1.- There is no commercially available machine translation application for the consumer retail market. Therefore, there is no practical demonstration of the effectiveness of “tailored” MT (to call it something). If there were a market for it, don’t you think the capitalist system would already have invented it?

2.- There is no freely available downloadable application of these allegedly superior machine translation engines either.

3.- The people who make sweeping assertions about the power of walled-garden MT engines usually have unstated economic interests (whether as employees or investors or otherwise) in the companies that make this software.

So every time I hear an MT spokersperson confidently saying that private (as opposed to freely available) translation software is much better, I get a headache, I black out and I have this strange dream in which I am sitting behind Colin Powell as he addresses the U.N. Security Council. The general is shaking a little vial of fake anthrax while saying:

“Mr. Secretary General, there is ample and incontrovertible evidence that the Iraqi government is possessed of fully functional machine translation technology. According to well-placed sources, Iraq could launch an intercontinental missile that speaks 18 languages and is capable of striking continental Europe in less than 45 minutes.”

MirkoP said...

Based on my experience with several in-house systems, there is no major difference between these and Google. Yes, when trained on our own data, they do produce better output, but the difference is not earth-shattering (although the difference may vary depending on the language pair especially if your in-house system includes more linguistic features). The statistical systems all use the exact same algorithms, and the statistical MT experts at Google are just top-notch. Still, depending on your situation, the difference in quality may be sufficient to justify going with your own in-house system, or there may be other reasons that will make you prefer having your own solution. Now, I'm looking at this from a slightly different angle than you because I do find MT output generally pretty impressive these days, and our experiments have shown significant and consistent productivity increases when translators post-edit MT output rather than translating from scratch. Post-editing productivity seems to be about the same as "translating" fuzzy matches in the range of 85%-95%. Unfortunately, that doesn't automatically imply that translators enjoy working that way; some do prefer post-editing but the majority probably doesn't. That's something we (as in the translation "industry") have to address one way or another. Otherwise it just won't be a sustainable solution, not because the technology is not good enough but because we will lack good post-editors.


Karl Hansen said...

My (admittedly very limited!) experience with post-editing suggests that 1) Inhouse systems are not better than Google Translate, and 2) the claim that translators should be able to post-edit 10,000 words per day is wildly optimistic.

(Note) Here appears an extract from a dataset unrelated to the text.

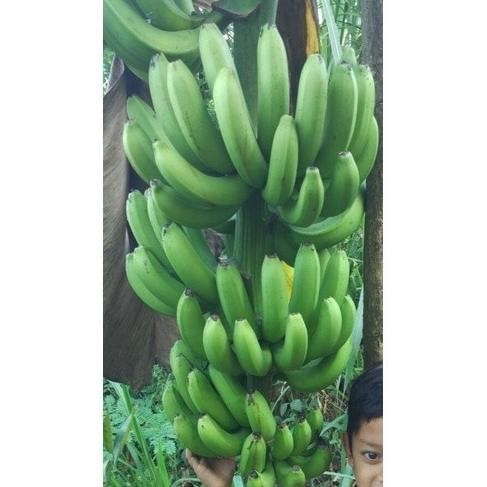 Bibit Buah Pisang Ambon Mini PREMIUM
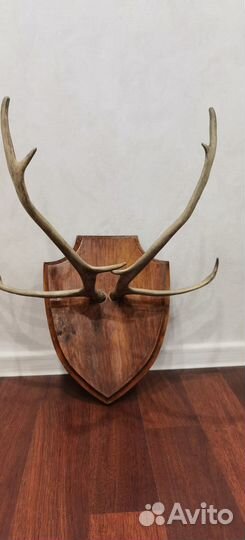 Рога оленя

Post-editing can best be described as proofreading a translation from a very bad translator who knows how to spell but also uses very awkward language, introduces several grammatical errors in the text, and makes a number of translation errors, including omitting or adding the word "not".

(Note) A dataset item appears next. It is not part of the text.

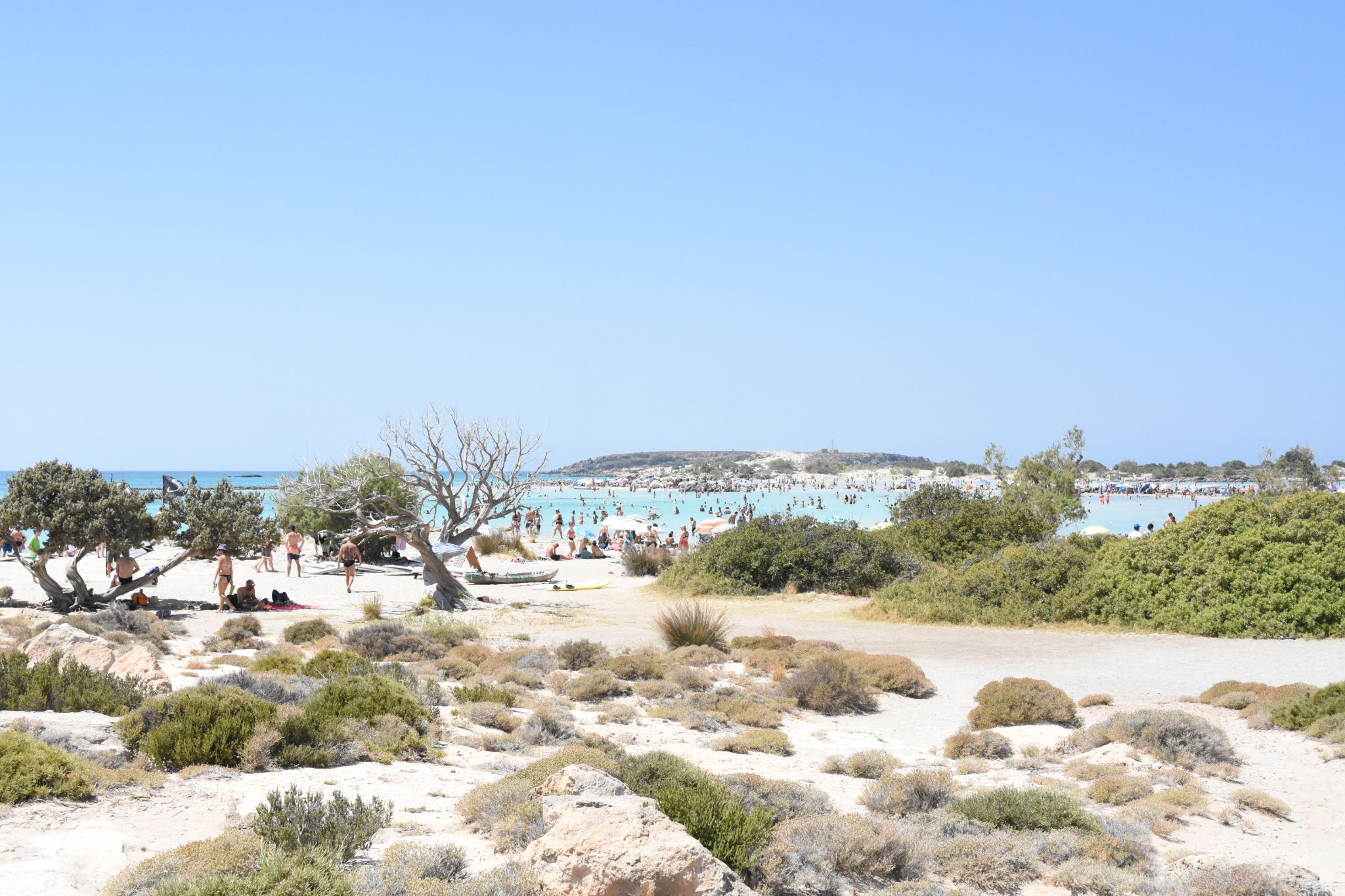 2023 08 22 11.58.38 nikon d7200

I believe I can proofread about 10,000 words per day or even more on a good translation. But the worse the translation, the longer it takes to proofread it - I think this is common knowledge. On a translation downloaded from Google Translate, I would be able to "proofread" (or post-edit) max. 4,000 words per day if I also had to enter my own corrections, and the translation would then need to be checked by another proofreader!

Miguel E. Llorens Musso said...

Both interesting opinions, but I tend to agree a bit more with Karl. I think the idea that GoogleT output is comparable to 85%-99% fuzzy matches is profoundly mistaken. It simply doesn't stand up to even the most impartial scrutiny. People who are pumping out 10,000 words a day using GoogleT as a first draft are simply producing mediocre translations.